When life came back to him the sun was very low in the west. In his head little hammers beat intolerably and all his strained body ached with bruises as he raised himself, slowly and groaning, and leaned on an arm to look round. He lay much where he had fallen, but the soldiers, the crowd of human beasts, had vanished; the bare stretch of camp, still smoking in places, was silent and almost deserted. Two or three bending and intent figures were hovering round the charred masses of wreckage—moving slowly, stopping often, peering as they walked and thrusting their hands into the ashes, in the hope of some fragment that those who searched before them had missed. A woman lay face downwards with her dead arm flung across his feet; further off were other bodies—which the searchers passed without notice. Three or four were in uniform, the bodies of men who had once been his comrades; others, for the benefit of the living, had been stripped, or half-stripped, of their clothing.
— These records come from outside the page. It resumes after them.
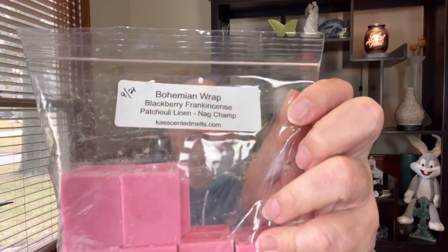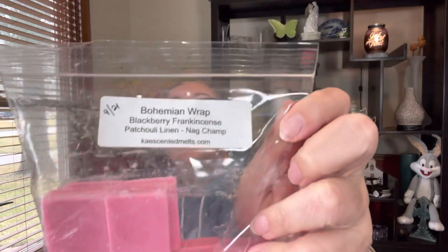The other three custom cuts from her are ones I did myself. One was a combination I really liked — blackberry, frankincense, patchouli, linen, and nag champa. I know a lot of people don't like nag champa, but oh my gosh, do I love nag champa. It's kind of a pink color, so I am definitely going to do that one.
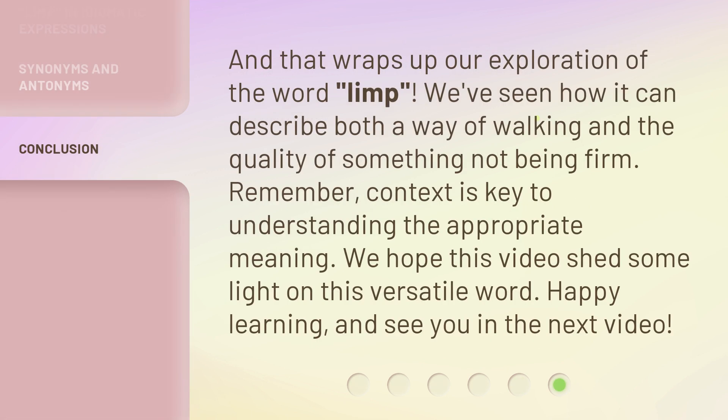And that wraps up our exploration of the word 'limp.' We've seen how it can describe both a way of walking and the quality of something not being firm. Remember, context is key to understanding the appropriate meaning. We hope this video shed some light on this versatile word. Happy learning, and see you in the next video.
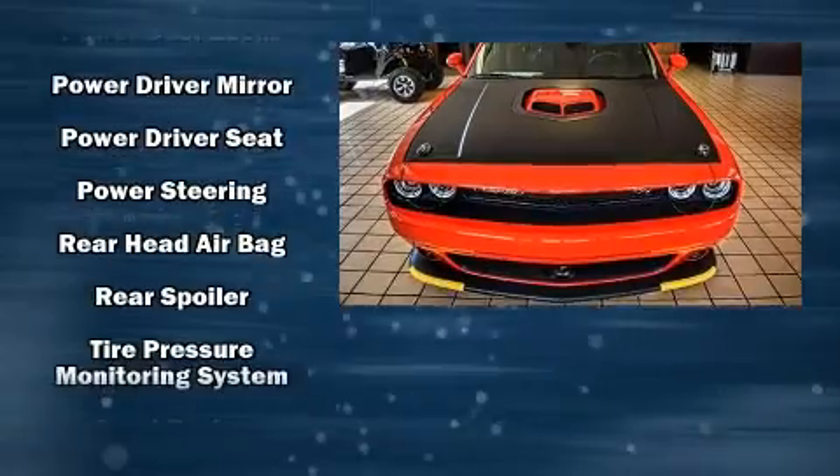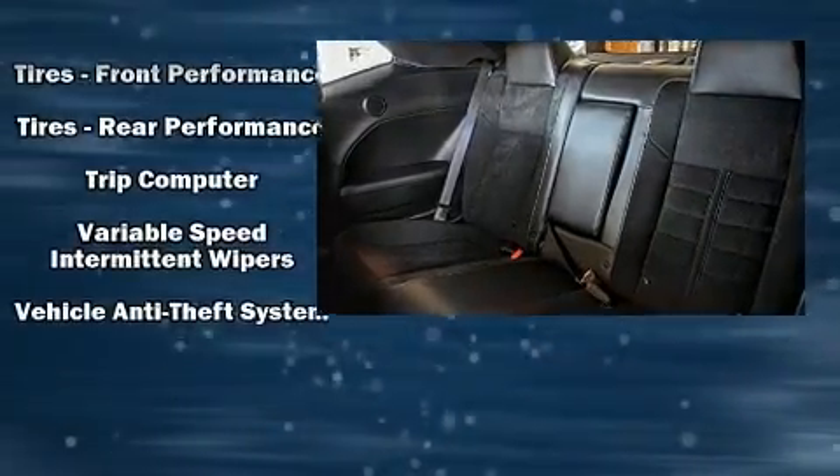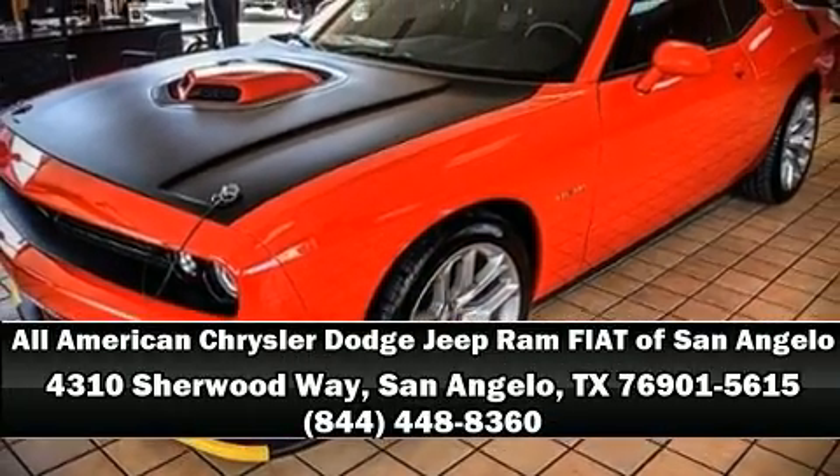Take assurance in side curtain airbags providing head protection in the event of a severe collision. Our sales reps are extremely helpful and knowledgeable. Come on in and take a test drive.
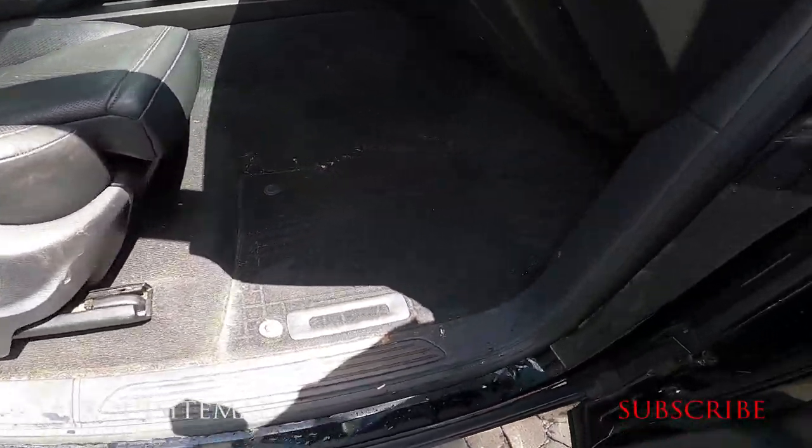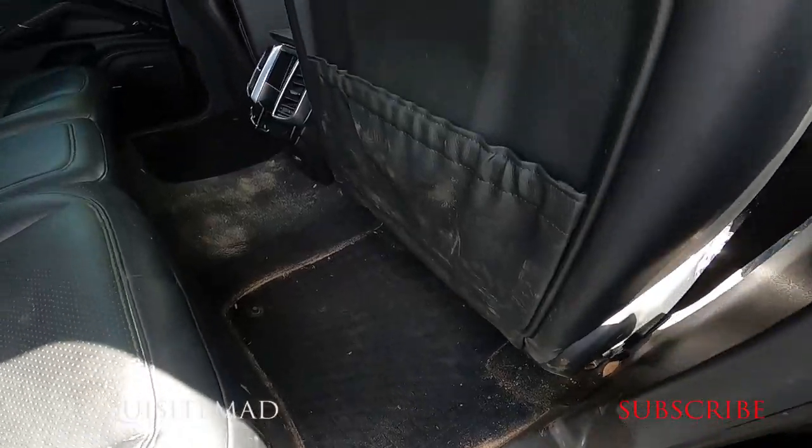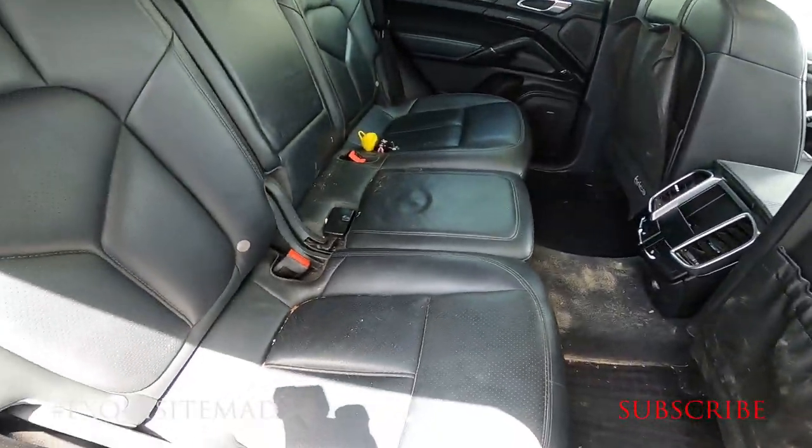And also an interior detail, featuring proper leather cleaning and conditioning.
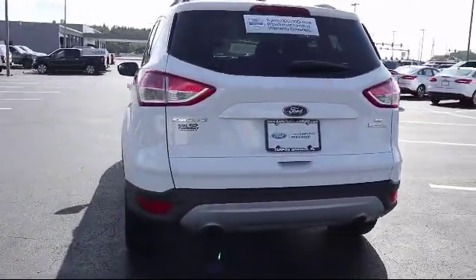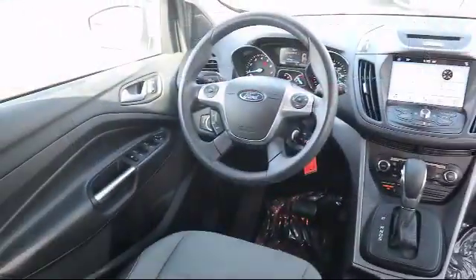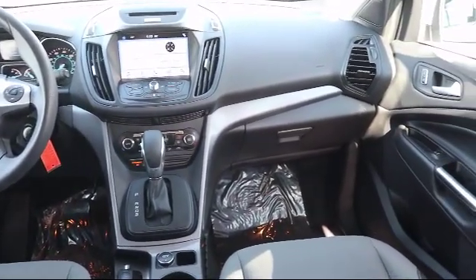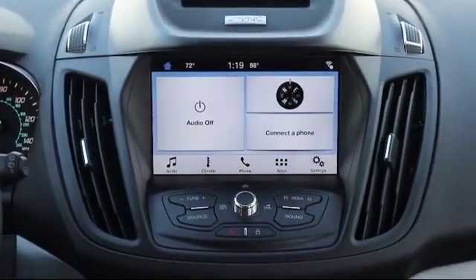Family owned and operated since 1964, three generations of Flammers continue to provide outstanding sales and service to our community through our new and loyal customers like you. Located in beautiful Tarpon Springs, Carl Flammer Ford is the place to purchase your next vehicle.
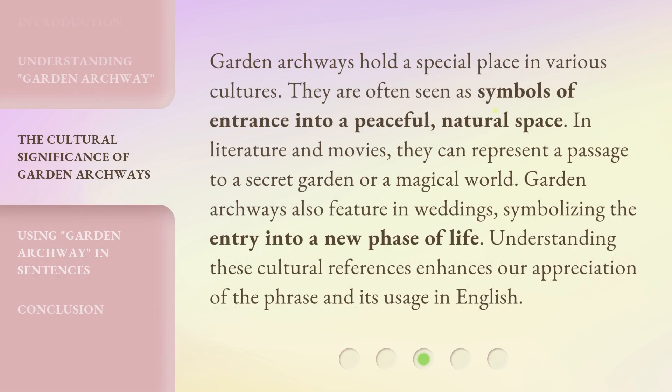Garden archways hold a special place in various cultures. They are often seen as symbols of entrance into a peaceful, natural space. In literature and movies, they can represent a passage to a secret garden or a magical world. Garden archways also feature in weddings, symbolizing the entry into a new phase of life. Understanding these cultural references enhances our appreciation of the phrase and its usage in English.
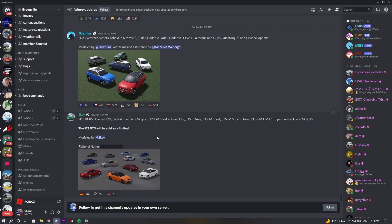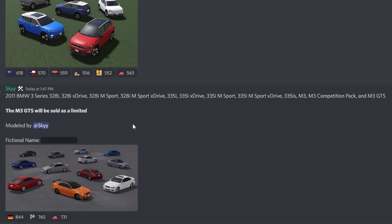If we go into the Greenville server here, you guys can see that Sky actually announced today the 2011 BMW 3 Series, which is going to have the 328i trim, the 328i X-Drive trim, the 328i M Sport, 328i M Sport X-Drive, 335i, 335i X-Drive, 335i M Sport, 335i M Sport X-Drive, 335i S, M3, M3 Composition Pack, and the M3 GTS. As you guys can see in the fine print, the M3 GTS will be sold as a limited vehicle, and the fictional name is the 2011 BKM Region.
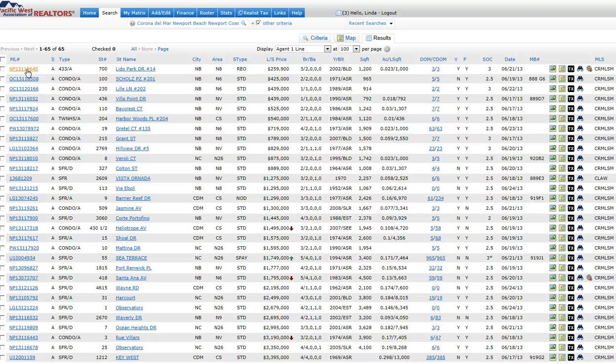This is the Newport Beach area, which consists of Newport Beach, Newport Coast, Crystal Cove, and Corona Del Mar. So let's take a look.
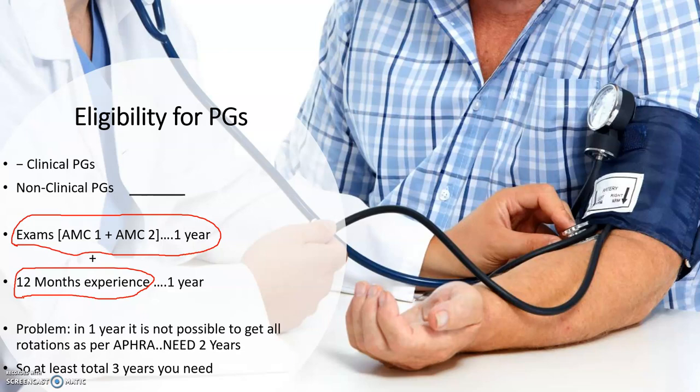As per AHPRA requirements, most people do not finish in one year. So theoretically it's one year, but practically it takes two years. In total, if you are a graduate from abroad, you need at least three years: about one year to clear AMC1 and AMC2 (as these exams are not easy — even compared to the UK, Australia is harder), plus two years of internship experience. Only then are you eligible for PG.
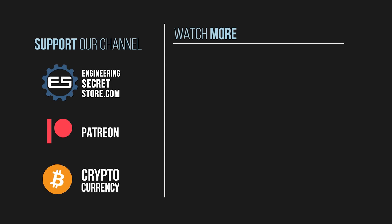If you enjoyed this episode of Engineering Secrets, consider subscribing and supporting our channel through our Patreon or cryptocurrency donations. We try our best to bring high-quality videos for you. All the links are in the description. Thank you for watching.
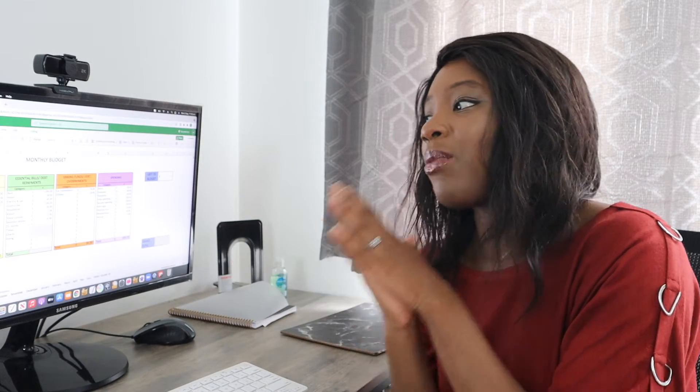Hello guys and happy Tuesday. In today's video we are going to be running through our budget for August. I actually did this a couple of days ago and I thought I would bring you guys behind the scenes to show you what we are going to be doing during the month of August.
He lifted himself painfully and crawled on hands and knees, with many groans and halts, to the stream that had formed one border of the camp—where he drank, bathed his head and washed the dried blood from his scratches. With a measure of physical relief—the blessing of cool water to a burning head and throat—came a clearer understanding and, with clearer understanding, fear.... He knew himself alone in chaos.
As soon as he might he limped back to the smouldering wood-heaps and accosted a woman who was grubbing in a mess of black refuse. Did she know what had become of the soldiers? Which way they had gone when they left? The woman eyed him sullenly, mistrustful and resenting his neighbourhood—knew nothing, had not seen any soldiers—and turned again to grub in her refuse. A skeleton of a man was no wiser; had only just turned off the road to search, did not know what had happened except that there must have been a fight—but it was all over when he came up. He also had seen no soldiers—only the dead ones over there.... Theodore saw in their eyes that they feared him, were dreading lest he should compete with them for their possible treasure of refuse.
For the time being a sickly faintness deprived him of all wish for food; he left the sullen creatures to their clawing and grubbing, went back to the water, drank and soused once more, then crept farther off in search of a softer ground to lie on. After a few score yards of painful dragging and halting, he stretched himself exhausted on a strip of dank grass at the roadside—and dozed where he fell until the morning.